Becca Wolfson, Executive Director of the Boston Cyclists Union, notes that Boston's approach to improving cyclist safety is too "reactionary" to increase safety measures. Improvements often come only after a fatal crash occurs and are often insufficient. She notes that painted lanes provide poor protection and that the protected bike lanes available so far provide minimal coverage: "you’re on nice bike facility for a very short period and then you’re thrown into dangerous conditions and chaos".
New Bike Infrastructure is the Best Investment for Bike Safety
What investments should Boston and surrounding cities be making to improve cyclist safety?

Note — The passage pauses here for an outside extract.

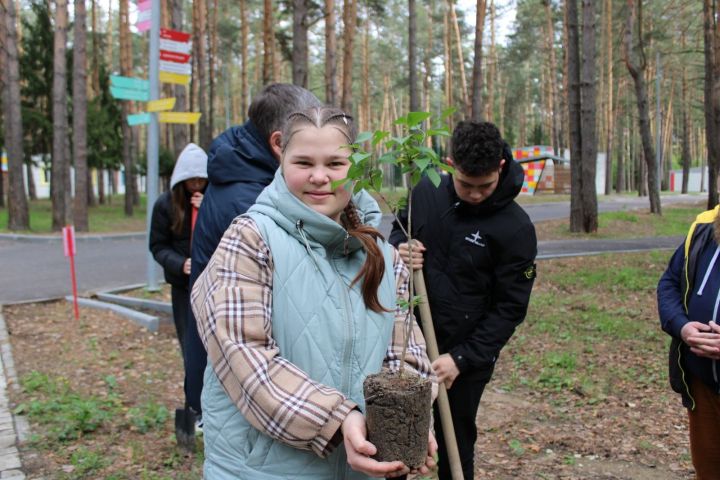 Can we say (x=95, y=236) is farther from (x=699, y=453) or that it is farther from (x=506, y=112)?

We asked our commuters how they would invest public funds to improve cyclist safety. The most popular response among both bike commuters and other commuters is to invest in new bike infrastructure with 78% and 63% choosing to invest funds in this area, respectively. Improvements to road maintenance is the second most popular area to address, including pot holes and removing snow/debris. Driver education and better enforcement of traffic laws were selected by fewer than a third of commuters. And only 10% of cyclists believe further decreases in the speed limit would be a worthwhile endeavor.
Many of the measures taken by Boston and surrounding cities to improve cycling safety so far - reducing the speed limit, adding protected lanes only on parts of key streets where crashes have occurred, painting bike lanes - are steps in the right direction, but don't go far enough to make cycling safe for all and to achieve Vision Zero commitments of zero traffic fatalities and serious injuries. In order to convince more commuters, including those who were once cyclists, to get on or back on the saddle, cities must accelerate progress with the implementation of networks of protected bike lanes that cover the entirety of key commuting routes.